Anybody with a high school diploma has probably, by now, heard the famous line.
“It was a pleasure to burn.”
So opens Bradbury his novel about the condemnation of books and the destruction of ideas. Its protagonist, Guy Montag, a firefighter with a dry home life, no children, a distant wife. Montag’s job is to burn everything, then “burn the ashes” so that nothing is left behind.

In Fahrenheit-451 the very act of reading is detrimental to society. It causes people to think, to question the reality that the government has handed them. Instead, media is the forefront of life. People are being fed via four-wall TV, the sound blasted into their brains. Conformity is the only way to survive.
The very same is translated into other dystopian worlds. A prime example of this is George Orwell’s masterpiece, 1984. In the novel, the reader is presented with a similar idea. The fact that ideas themselves are detrimental to society because it causes them to question the very fabric of government.
My copy of Fahrenheit-451, the 60th anniversary edition edited in 2013, includes a section toward the back of the book which includes a bunch of essays regarding the creation of the book and its impact on society. One of the essays, written by Adrian Mitchell, draws a parable between other works of dystopian fiction and the novel.
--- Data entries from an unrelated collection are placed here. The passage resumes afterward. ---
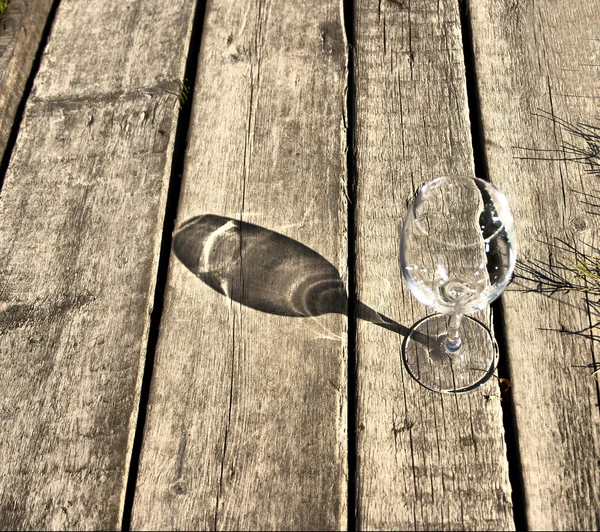 Glass goblet lies on the old boards — Stock Photo, Image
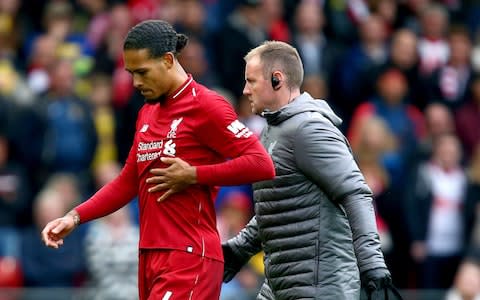 Liverpool's Virgil van Dijk leaves the pitch with an injury during the Premier League match at Anfield - Credit: Dave Thompson/PA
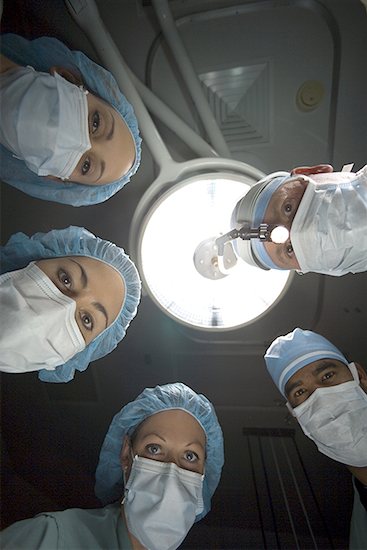 Low-angle view of five surgeons standing over an operating table Stock Photo - Premium Royalty-Free, Image code: 640-01356785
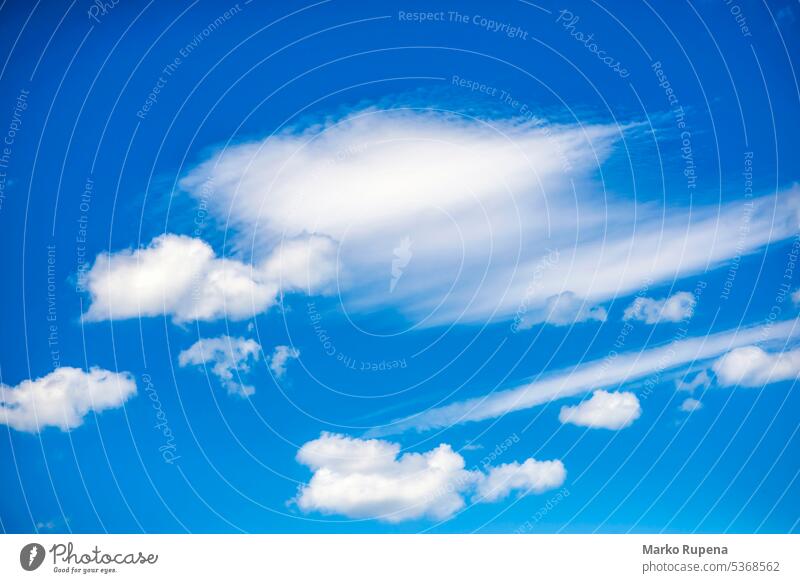 Fluffy clouds on azure blue sky meteorology fluffy nature summer background weather day heaven vibrant light cloudy air beautiful color bright overcast natural
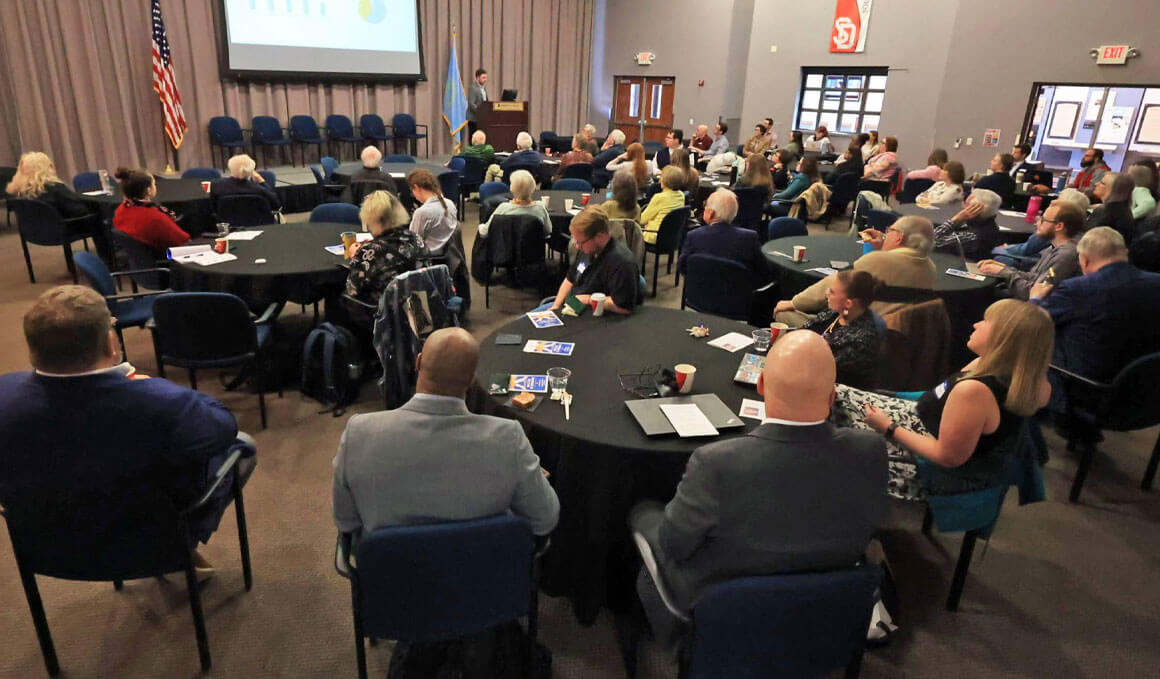 A photo from USD's 2025 Chiesman Center for Democracy conference, where a group of people are sitting in a conference room, listening to a speaker.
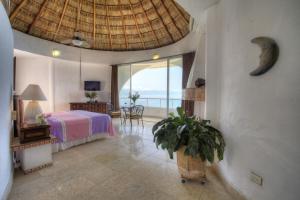 a bedroom with a bed and a view of the ocean at Villa Azul in Puerto Vallarta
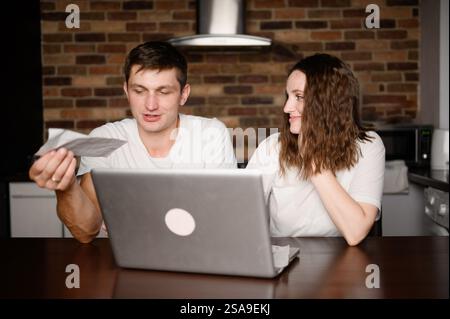 Young wife and husband are sitting at home with laptop, papers, looking at documents, checks, analyzing expenses together. Analysis of money spending Stock Photo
He states:
“Wells educated science fiction, but left it skinny and uncertain, Orwell gave it strength and now Bradbury employs it to carry his fears.”
It is easy to also draw similar conclusions about other books in the dystopian genre. Guy Montag is just another Winston Smith, another Kilgore Trout. It paints and repaints the themes we so commonly see in other books of the genre: fear, surveillance, ignorance, blindness…I could go on.